In SGML books, one of the hurdles that needed to be proved was that you could make just as high quality books with structural markup as you could using presentation tags (troff, tex) or hand made indexes.
Also, one of the selling points for SGML was the ability to handle large documents: SGML would be contrasted with weaker technologies such as using MS Word, where you were stuck with producing one chapter at a time, and so had to index by section number rather than page number.
When I made my book, which was quite large (about 650 pages) production issues made me divide it into three or so parts, so the index items have a part number then a page number within that, which is in intermediate approach that is quite acceptable as far as predictability for users.
Another issue to be factored in to the decision about whether to index by page number or section number is that usually people will use the same thing in the cross-references. If you use page numbers for cross-references, then when you make any last-minute changes to the text, you may have to go through the entire book to check that automated and forced page breaking still produce acceptable results: adding text in one place may cause the IDed object to cross page borders which may cause references to it require an extra digit which may trigger different line and page breaks and flow through the whole document. That is an issue where deadlines fight against best quality, so where there are deadlines it can be prudent not to index by page number.

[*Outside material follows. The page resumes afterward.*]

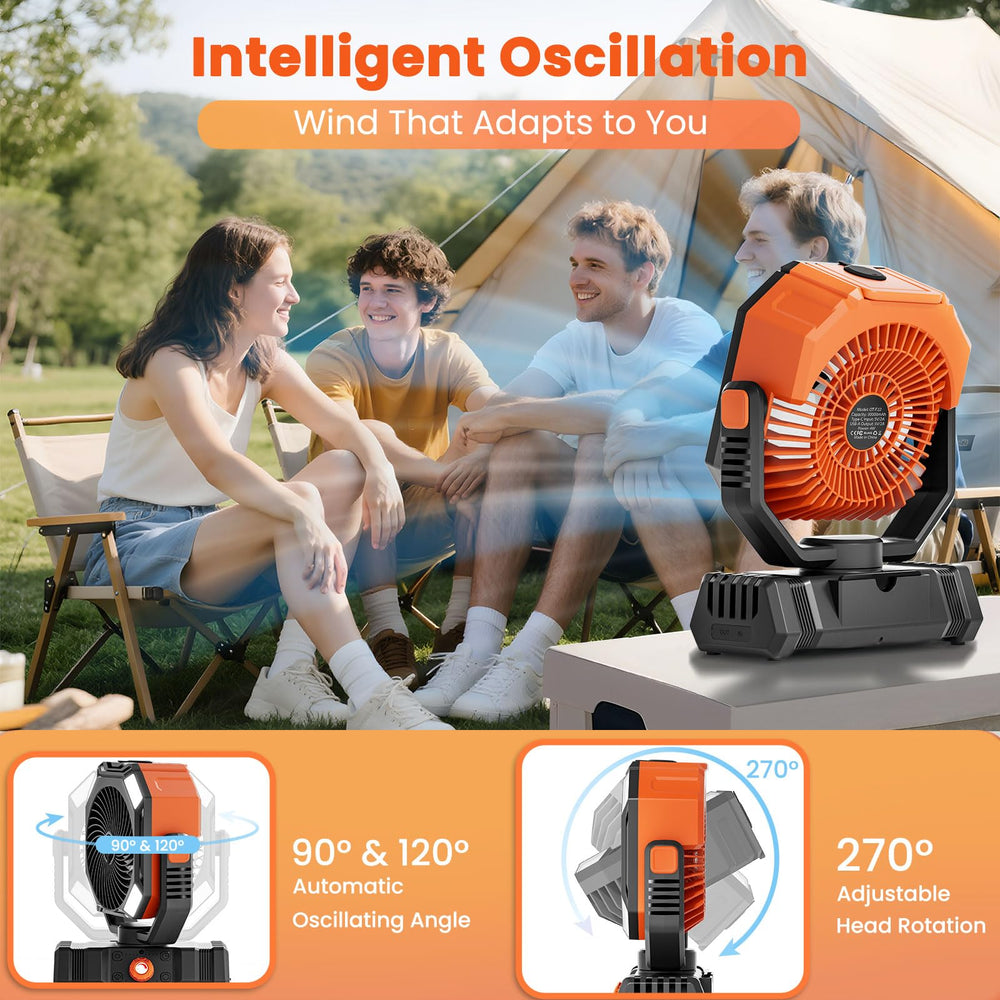 AIEPOCH comparación de tamaño con mano, batería grande 30000mAh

So my comment is that Document Engineering has not been produced with intent on proving with the book that marked-up document can produce just as good a product as hand indexed books, which is not to say that they haven't made the appropriate production decision, no professional slight was remotely intended! Indeed, I have no idea whether the book was made using declarative markup at all: it may have been written in a unstructured word processor with styles for all I know. (The design looks like the kind of thing that people do with TeX-based typesetting systems, as a guess, but nowadays it is difficult to say.) SGML books were read by publishing people and had to make a contain in their production values confirmations of the subject matter; XML books have a different market and so don't have have some special thing in them.
(As a further example, in my book I also have bullet lists using "radio buttons" with one item --the default or most important or typical case-- selected. Or a bullet list made from tears, signifying woes. The intent was to demonstrate that SGML/XML didn't prevent you from playfullness or innovation in design. We had to eat our own dogfood, and it tasted nice in parts.)
Page numbers?
How do section numbers vs. page numbers relate to XML vs. SGML?
docengineering.com -- sample chapters
My pleasure Bob, and congratulations on the book: it really is a great achievement and major step forward for the industry.
docengineering.com -- sample chapters
Thanks, Rik for your review of our Document Engineering book. We have set up a site for the book where we have sample chapters and will be putting up lecture notes, news, and other useful stuff...
docengineering.com
-bob glushko
Bad link... but it will be back soon.
Just a heads up, the MIT store is doing a bit of an update today, ('doh!), according the front page. So when it comes back up today or tomorrow, maybe we can see this book.